# [Entries shown]
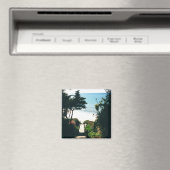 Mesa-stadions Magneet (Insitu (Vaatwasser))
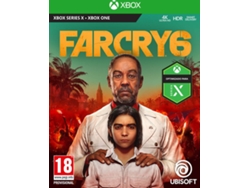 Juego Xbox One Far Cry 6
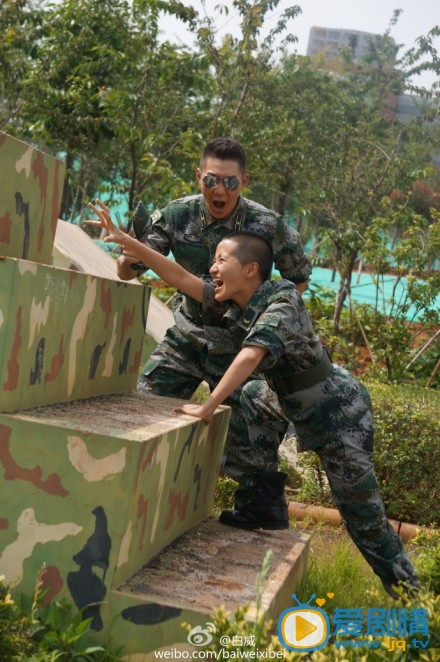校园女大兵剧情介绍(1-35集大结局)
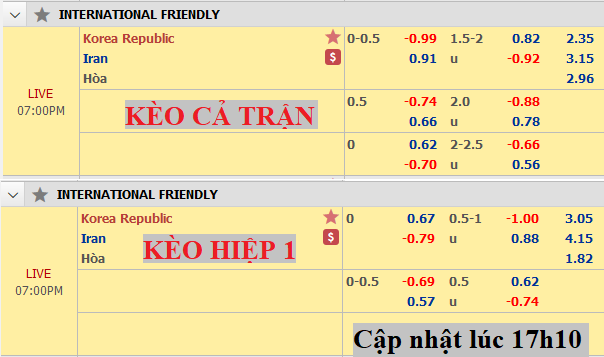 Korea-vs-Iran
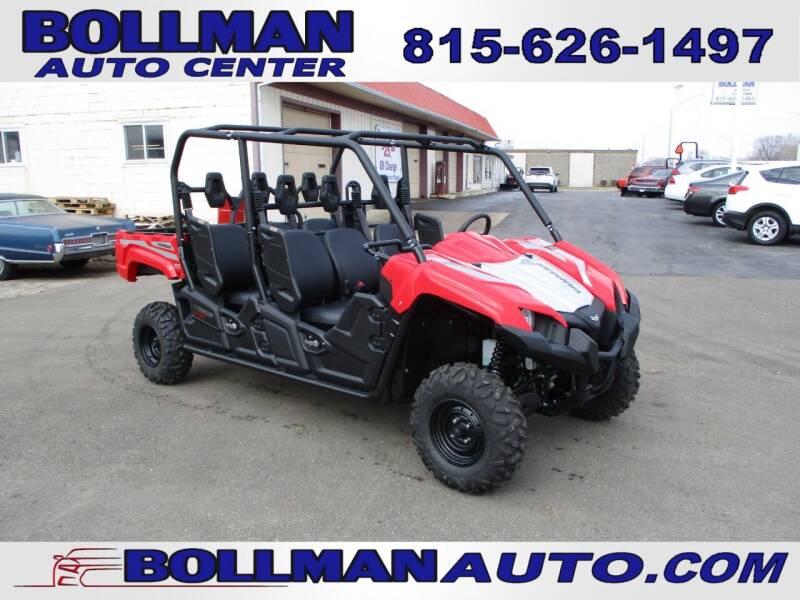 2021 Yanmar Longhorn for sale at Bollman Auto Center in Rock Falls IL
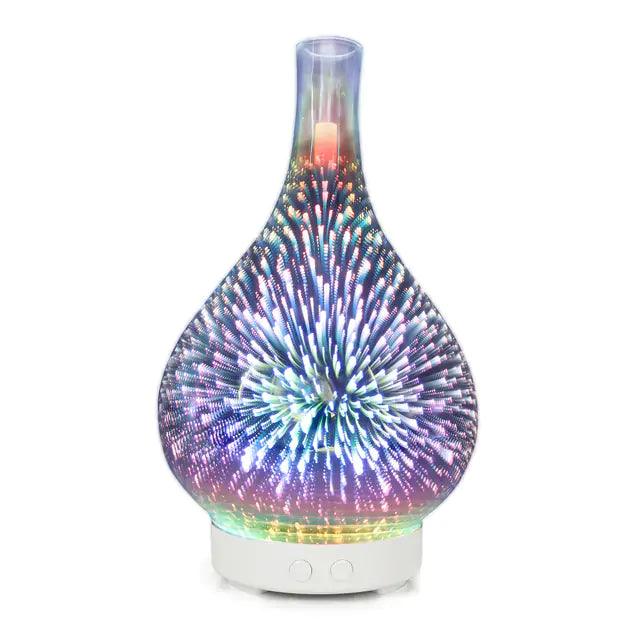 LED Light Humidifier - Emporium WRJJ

---

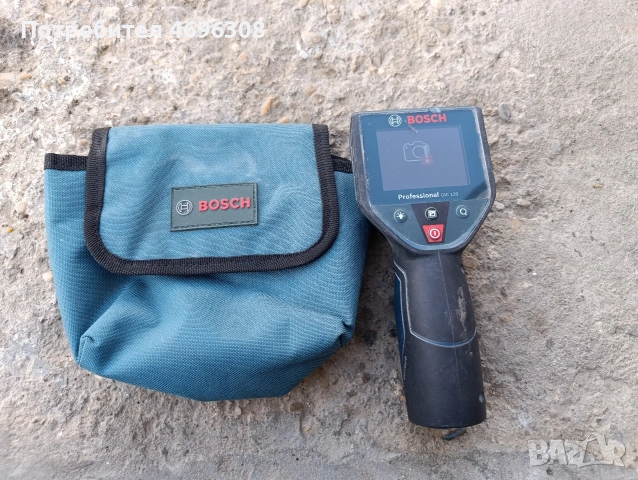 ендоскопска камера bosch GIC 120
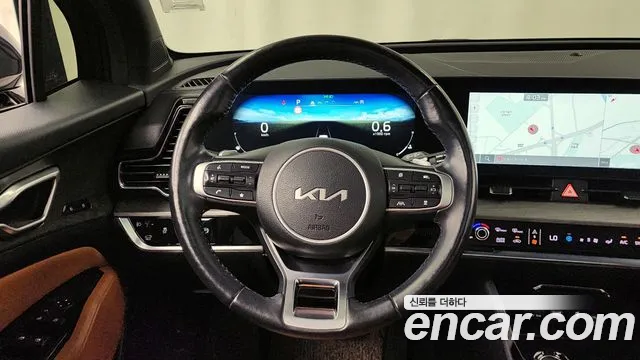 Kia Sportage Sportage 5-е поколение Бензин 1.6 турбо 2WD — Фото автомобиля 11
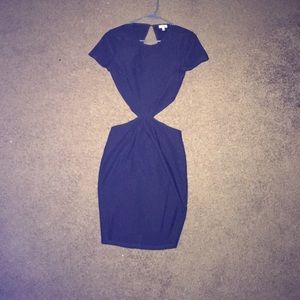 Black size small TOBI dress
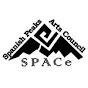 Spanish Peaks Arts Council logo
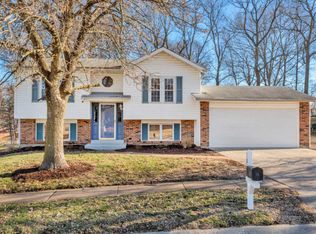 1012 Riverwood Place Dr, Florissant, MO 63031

* * *

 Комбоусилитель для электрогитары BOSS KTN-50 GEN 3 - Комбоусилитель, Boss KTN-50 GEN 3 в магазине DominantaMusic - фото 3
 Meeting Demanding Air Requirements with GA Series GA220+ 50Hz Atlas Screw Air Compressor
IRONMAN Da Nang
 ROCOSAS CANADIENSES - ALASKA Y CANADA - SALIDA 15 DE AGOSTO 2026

# [Problem]
Extract from the material above the stretch running from the line containing "ендоскопска камера bosch GIC 120" through the line containing "1012 Riverwood Place". Keep the text exact and the pictures out.

# [Exercise response]
 ендоскопска камера bosch GIC 120
 Kia Sportage Sportage 5-е поколение Бензин 1.6 турбо 2WD — Фото автомобиля 11
 Black size small TOBI dress
 Spanish Peaks Arts Council logo
 1012 Riverwood Place Dr, Florissant, MO 63031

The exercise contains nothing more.